(Short text fragments from websites)
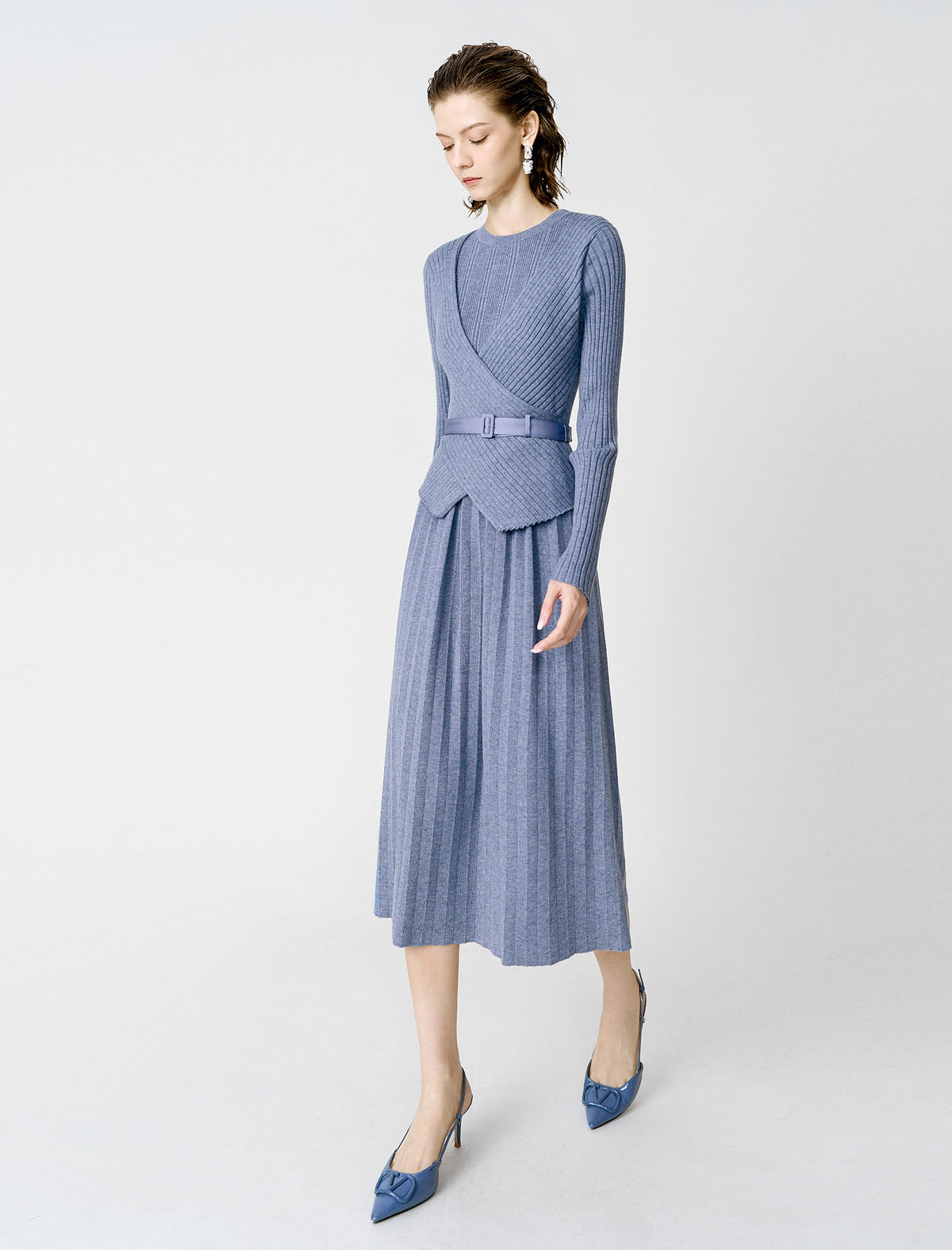 Wool Blend Wrap-Front Pleated Knit Midi Dress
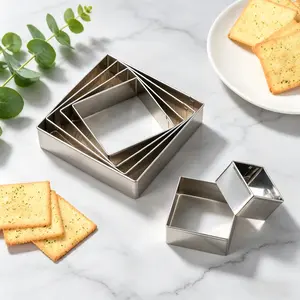 Baking Cutter Mold Set, Food Grade Stainless Steel, 10 Piece Square, Home Use, DIY Baking, Easy Operation, Gift Idea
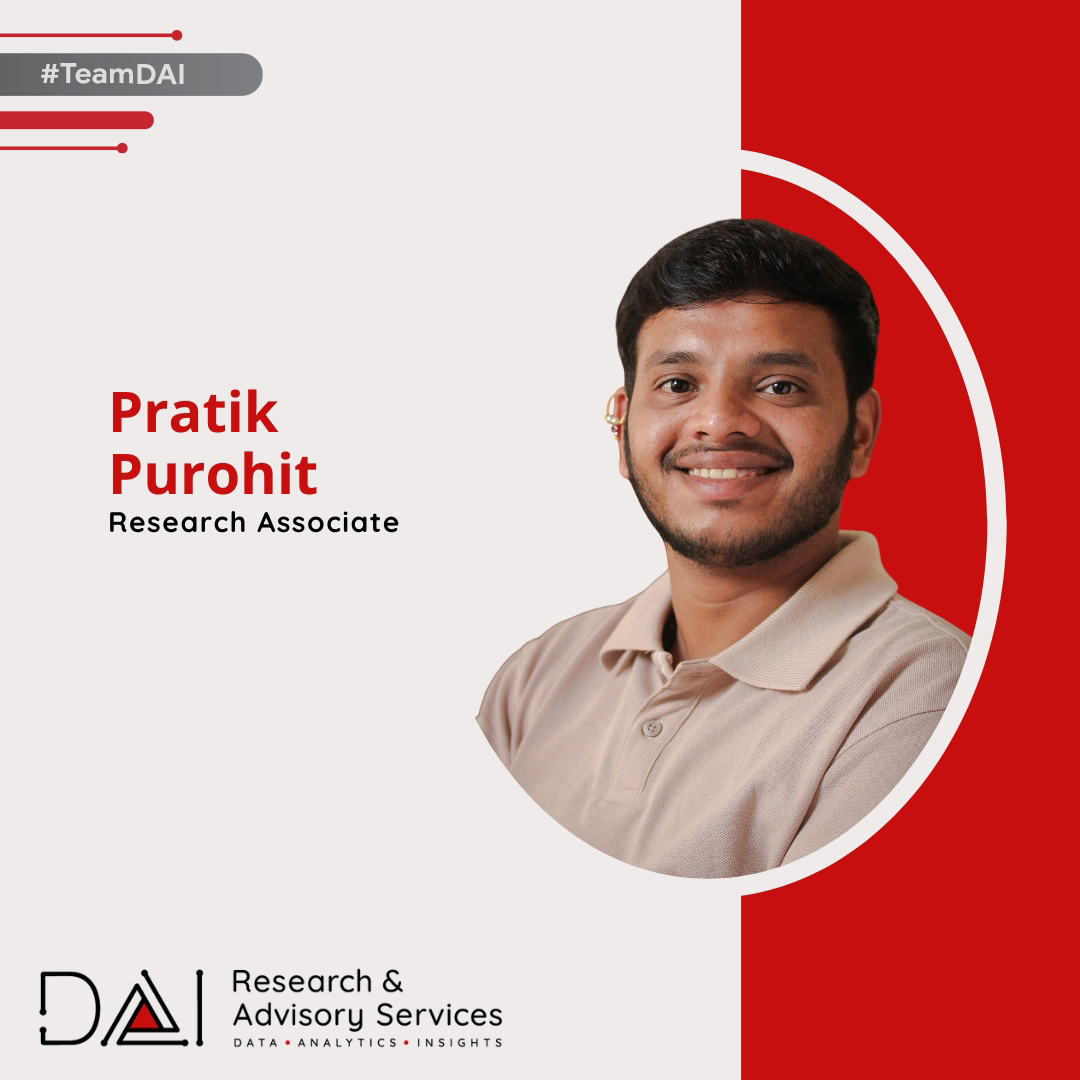 🆕 #TeamDAI

Welcome Pratik Purohit, who joins DAI as a #ResearchAssociate! With him, he brings a rich background in Economics, International Business, and extensive experience in #Research and #ProjectManagement.

Learn more about Pratik at daiadvisory.org/team#new

 #JobsAtDAI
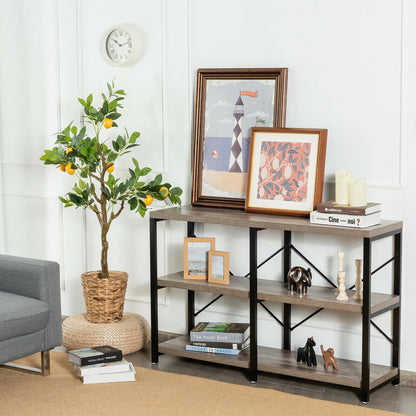 3 Tier 47 Inch Console Metal Frame Sofa Table-Natural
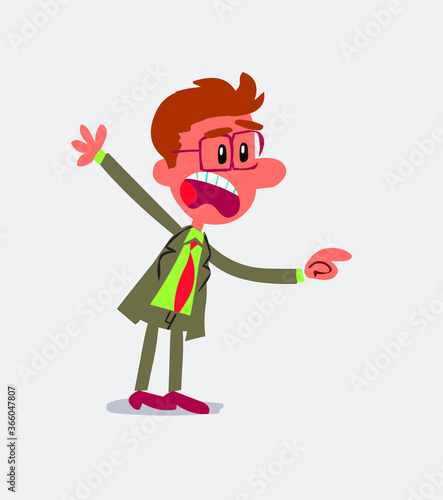 Business man pointing at something outraged in isolated vector illustration
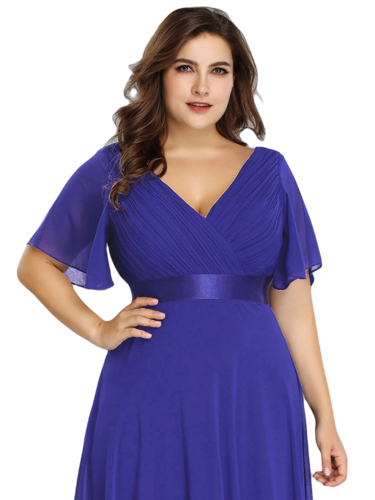 Vestido Elegante de Fiesta Largo Azul Rey para Mujer Manga Ancha Cuello V T Ch a Talla Extra	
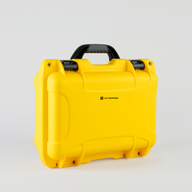 A durable yellow hardshell AED carry case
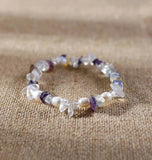 Natural Crystal Pearl Beaded Bracelet, Adjustable Bangle Charms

> YOUR OBJECTIVE: The answer must consist of every line from the records above that holds "Pratik".

> RESULT:
Welcome Pratik Purohit, who joins DAI as a #ResearchAssociate! With him, he brings a rich background in Economics, International Business, and extensive experience in #Research and #ProjectManagement.
Learn more about Pratik at daiadvisory.org/team#new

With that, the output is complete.